"People should think things out fresh and not just accept conventional terms and the conventional way of doing things."
- R. Buckminster Fuller
But, Bucky, people accept the usual ways of doing things precisely because they don't give any thought to them. They assume that many others before them have thought everything through and discovered the best ways of doing everything.
And those "many others before them?" They thought (or, more accurately, didn't think seriously) the same way.
Most of us seem to have a natural tendency to believe that because we do something one way, that it must be the right way. And that if we were taught something one way, that it must be the best way.
In my personal life, I have been baffled many times over the past few years about how to proceed with a problem, usually a problem about how to repair something without having the tools and skills that a professional would have ready.

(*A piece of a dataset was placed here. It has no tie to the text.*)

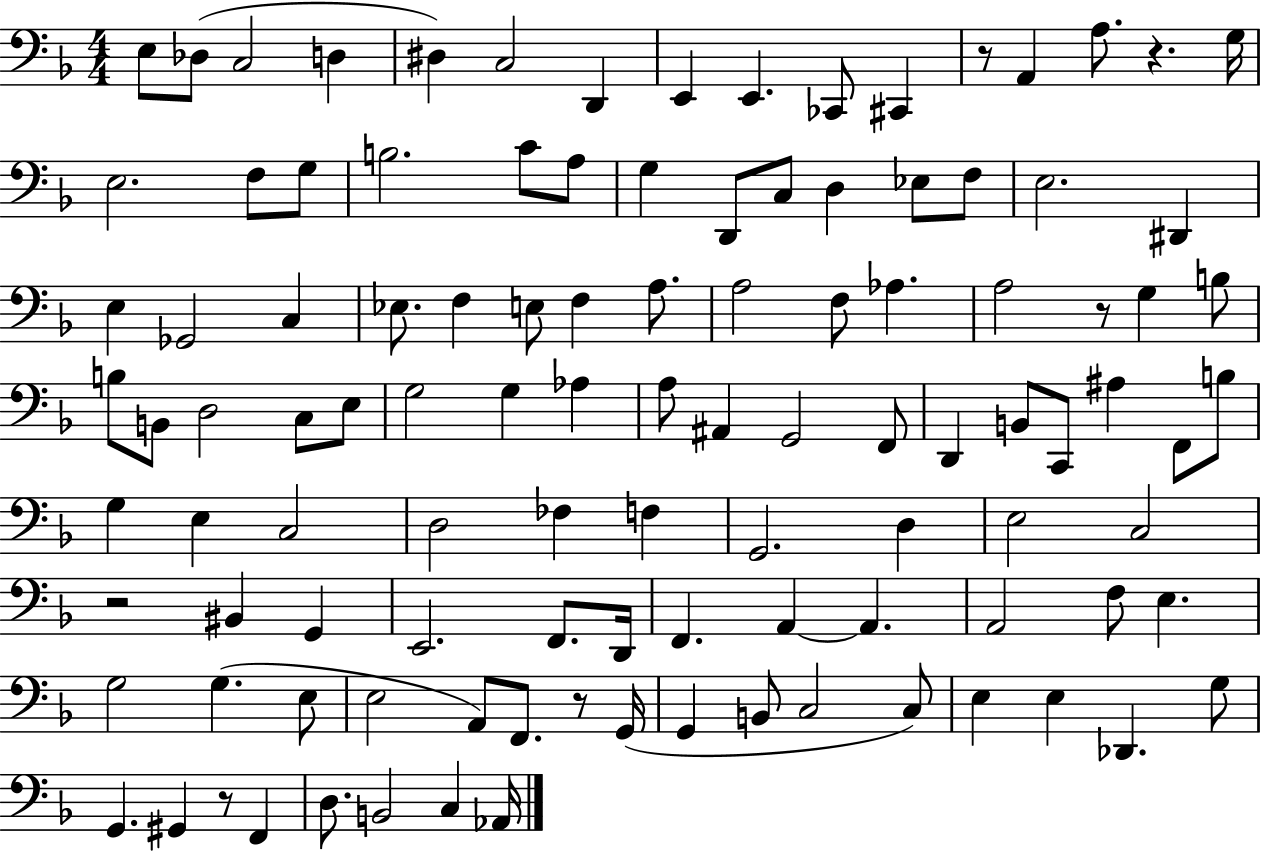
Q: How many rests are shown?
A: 6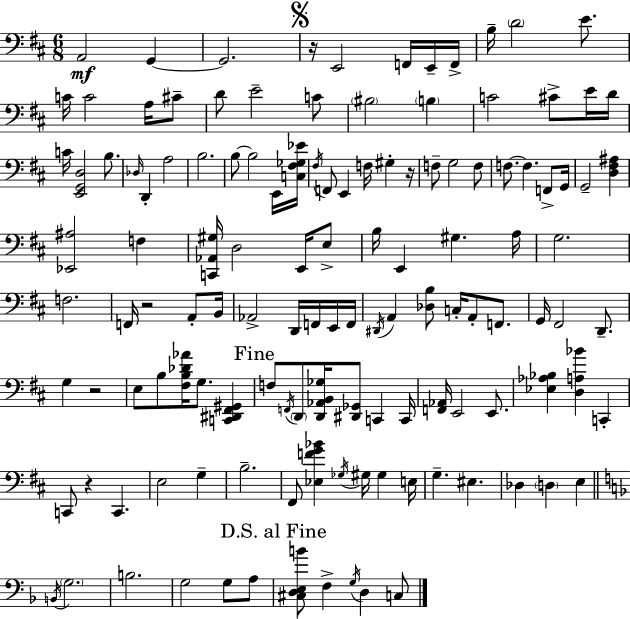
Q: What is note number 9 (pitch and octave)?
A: D4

While I am fussing and ranting about how luck has dealt me another bad blow, concerned that I might have to invest in a new object to replace the one I couldn't repair, my wife comes along and suggests that I try something a little different.
You should understand that my wife is a very smart woman who disguises herself in the clothing of a court clown so that no one will know how knowledgeable she is. Her wisdom slips out most often when I am perplexed with a problem. Her solution is fast, cheap and easy to implement.

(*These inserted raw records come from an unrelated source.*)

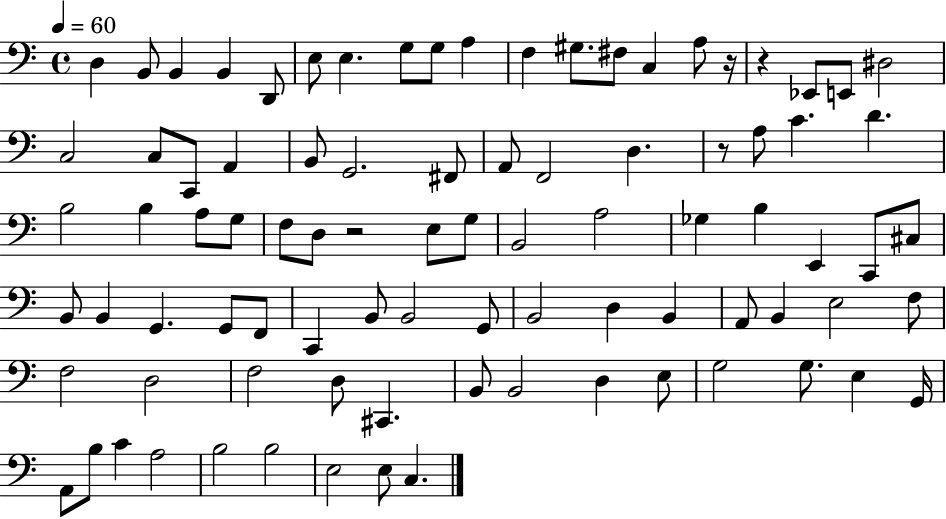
D3/q B2/e B2/q B2/q D2/e E3/e E3/q. G3/e G3/e A3/q F3/q G#3/e. F#3/e C3/q A3/e R/s R/q Eb2/e E2/e D#3/h C3/h C3/e C2/e A2/q B2/e G2/h. F#2/e A2/e F2/h D3/q. R/e A3/e C4/q. D4/q. B3/h B3/q A3/e G3/e F3/e D3/e R/h E3/e G3/e B2/h A3/h Gb3/q B3/q E2/q C2/e C#3/e B2/e B2/q G2/q. G2/e F2/e C2/q B2/e B2/h G2/e B2/h D3/q B2/q A2/e B2/q E3/h F3/e F3/h D3/h F3/h D3/e C#2/q. B2/e B2/h D3/q E3/e G3/h G3/e. E3/q G2/s A2/e B3/e C4/q A3/h B3/h B3/h E3/h E3/e C3/q.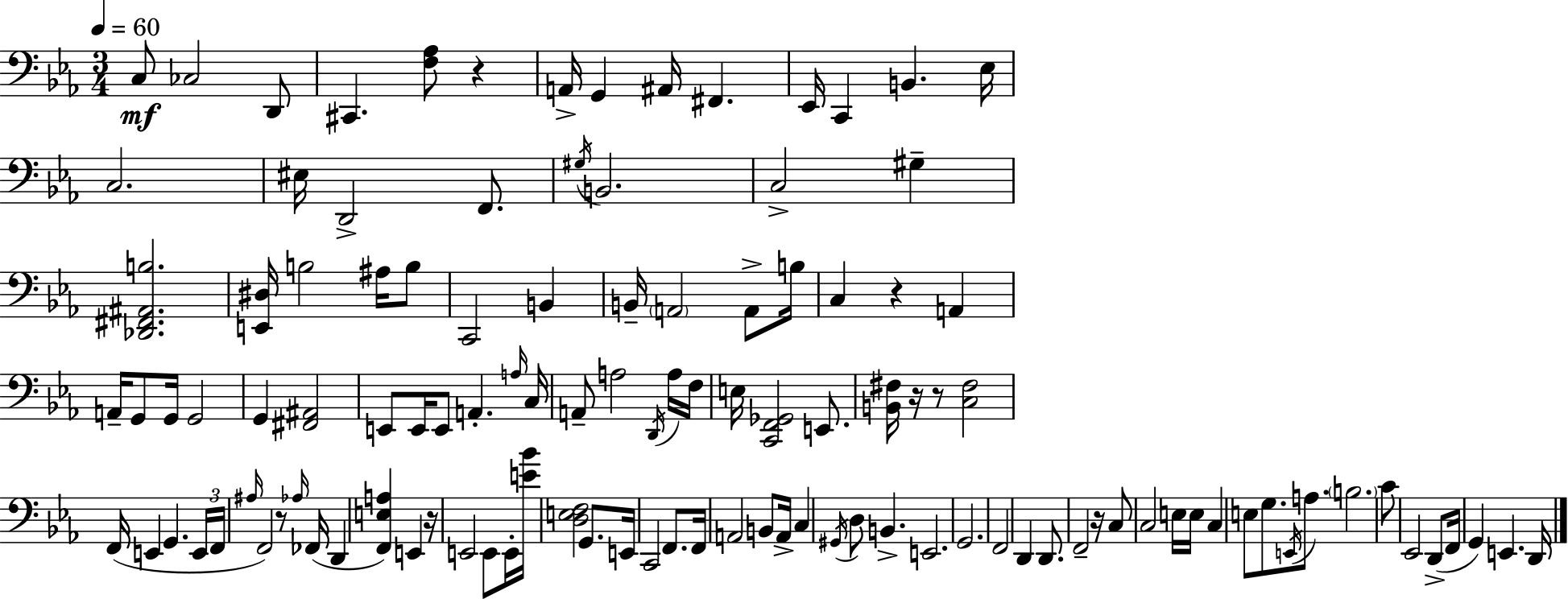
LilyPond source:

{
  \clef bass
  \numericTimeSignature
  \time 3/4
  \key ees \major
  \tempo 4 = 60
  \repeat volta 2 { c8\mf ces2 d,8 | cis,4. <f aes>8 r4 | a,16-> g,4 ais,16 fis,4. | ees,16 c,4 b,4. ees16 | \break c2. | eis16 d,2-> f,8. | \acciaccatura { gis16 } b,2. | c2-> gis4-- | \break <des, fis, ais, b>2. | <e, dis>16 b2 ais16 b8 | c,2 b,4 | b,16-- \parenthesize a,2 a,8-> | \break b16 c4 r4 a,4 | a,16-- g,8 g,16 g,2 | g,4 <fis, ais,>2 | e,8 e,16 e,8 a,4.-. | \break \grace { a16 } c16 a,8-- a2 | \acciaccatura { d,16 } a16 f16 e16 <c, f, ges,>2 | e,8. <b, fis>16 r16 r8 <c fis>2 | f,16( e,4 g,4. | \break \tuplet 3/2 { e,16 f,16 \grace { ais16 }) } f,2 | r8 \grace { aes16 }( fes,16 d,4 <f, e a>4) | e,4 r16 e,2 | e,8 e,16-. <e' bes'>16 <d e f>2 | \break g,8. e,16 c,2 | f,8. f,16 a,2 | b,8 a,16-> c4 \acciaccatura { gis,16 } d8 | b,4.-> e,2. | \break g,2. | f,2 | d,4 d,8. f,2-- | r16 c8 c2 | \break e16 e16 c4 e8 | g8. \acciaccatura { e,16 } a8. \parenthesize b2. | c'8 ees,2 | d,8->( f,16 g,4) | \break e,4. d,16 } \bar "|."
}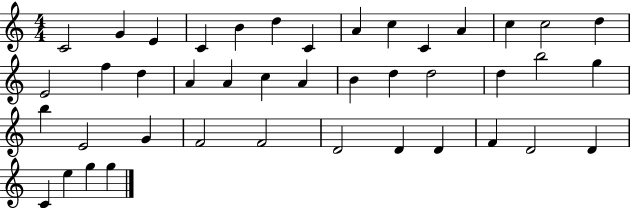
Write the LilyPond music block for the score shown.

{
  \clef treble
  \numericTimeSignature
  \time 4/4
  \key c \major
  c'2 g'4 e'4 | c'4 b'4 d''4 c'4 | a'4 c''4 c'4 a'4 | c''4 c''2 d''4 | \break e'2 f''4 d''4 | a'4 a'4 c''4 a'4 | b'4 d''4 d''2 | d''4 b''2 g''4 | \break b''4 e'2 g'4 | f'2 f'2 | d'2 d'4 d'4 | f'4 d'2 d'4 | \break c'4 e''4 g''4 g''4 | \bar "|."
}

Sometimes I'm a dummy at night, unable to find the answer, but by morning I have figured out how to solve that complex problem that seemed intractable the previous evening.
It's true that taking a break from a disturbing problem and looking at it later often sheds new light on its possible solution. It's also true that the human brain hashes and rehashes over our daytime problems while we sleep, often resulting in the solutions presenting themselves fully formed when we wake up.
As a side note, this also explains why writers often wake in the middle of the night with a great idea and a need to commit it to print right away.
Looking at conventional problems in a different way doesn't mean just staring harder at them. It means looking away and thinking about something else for a while.
It means rethinking causes that might not have been considered before. Often times knowing a cause (or newly-considered causes) of something will give insight into its solution.
The key word in the Buckminster Fuller quote is "think." Just fussing and worrying about a problem is not thinking. Thinking about a problem is a process, like a journey that we travel many times until we finally discover the right way to reach our destination.
Sometimes that solution is quite different from the conventional way of getting there. If it is, those who take the conventional ways will object, mostly because they have not been through the same thinking process that caused us to reach the better solution.
Those who find the best solutions often work alone for a long time until others catch up with what they discovered.
Bill Allin
'Turning It Around: Causes and Cures for Today's Epidemic Social Problems,' striving to show you new, simple, cheap and easy ways to solve big problems you thought were unsolvable.
Learn more at http://billallin.com


Comments: 15
Thanks, John, for the suggestion. If one or more wheels are broken, the broken pieces could be jammed under the door, preventing it from sliding.
Thanks, Linda, for your addition about the AHA! moments. Don't you find that you just have to get up and do something about them at 3 a.m. then? It's annoying, but I do it because I will have forgotten whatever I needed to remember by morning if I don't get up.
With people problems, I find (a fairly recent discovery, I confess) that forgiveness and a bad memory help greatly.
No matter how stupid, how mean, how thoughtless or how hurtful people have been in the past, they forget about their sins quickly. It's easier for me to forget them as well, as most of the time they are decent people (under their evil, fur-covered hearts).
Forget the book, Bill, you've found another calling: Handy-man.
Lydia, you story reminds me of the leader and follower sheep. The leader has the hardest job because she has to find new pasture, safe refuge or the way home. But she always has her eyes looking forward. The follower sheep has nothing more to think about than to keep folowing the ass in front of them.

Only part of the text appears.